On his birth-day, April 15, he as usual awoke early, and entered upon his fifty-second year with feelings of peculiar solemnity, and renewed acts of self-consecration to the divine service. Referring to his late painful trials, he says:-"My soul rises a little above its sorrows. may I cast my burden upon the Lord, and he will sustain me.

It was in much mercy that he was enabled for a season to rise above his sorrows, for yet heavier trials awaited him. The brief respite, however, was continued until the business of the District Meeting was over, and until he had fulfilled his engagements to attend the annual Missionary Meeting at Birmingham, held on Monday, May the 18th. On the following day, Tuesday 19th, he received intelligence of so afflictive a character as to cast into the shade all that had gone before. The melancholy tidings overwhelmed him. His distress was aggravated by the circumstance that he was from home at the time,

and necessarily much in company. To weep and pray in solitude might have afforded some relief. On the following day he makes this brief and affecting entry in his pocket book:-"Last night restless; this day overwhelmed. Oh! my poor heart is almost broken; yet I am obliged to be in a large company to tea, and to preach.

Sunday, May 24th, was a silent and sorrowful sabbath to my dear father. He could not get up his spirits to appear in public. His place at City Road Chapel was kindly supplied by one of his colleagues; and he spent the day in solitude and prayer. The following touching record of his feelings on this mournful sabbath is found in his diary:"Sunday morning, eleven o'clock, my study, New Chapel, London.-Here I sit in silent, solitary sorrow. My dear wife, Mary, and Joseph are in the chapel my poor John * * * * It is like a

frightful dream. I can hardly believe it real. I will not say, 'All these things are against me.' No: I will trust in the Lord, though he slay me. O Lord, hold thou me up, and I shall be safe. Amen."

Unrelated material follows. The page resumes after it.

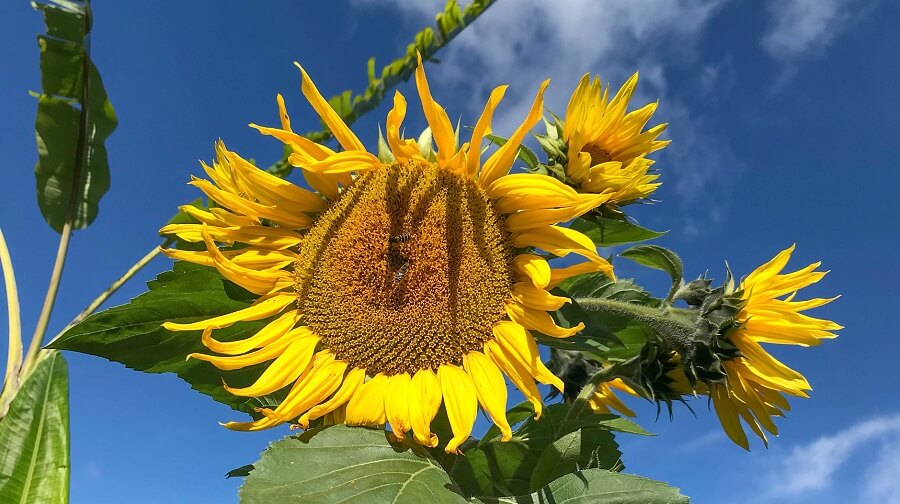 Chickens love sunflowers (1)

After four weeks of deep distress and torturing suspense, we were all struck with the altered appearance of my dear father, when he came down to breakfast on the 19th of June. His countenance,-the faithful index to his mind,-which had long borne the impress of sorrow and deep depression, had strangely recovered its former expression, and once more beamed with peace and joy. He had been pleading with God; and had received such an answer of peace, that his fears which had long alternated with his hopes, were all silenced; and he expressed a full persuasion that the Lord would appear in our behalf. The event justified his confidence. That very day the house of mourning once more became the house of praise and thanksgiving to God. The following evening, my father writes with a heart overflowing with gratitude :Glory be to God! My habitation is in peace.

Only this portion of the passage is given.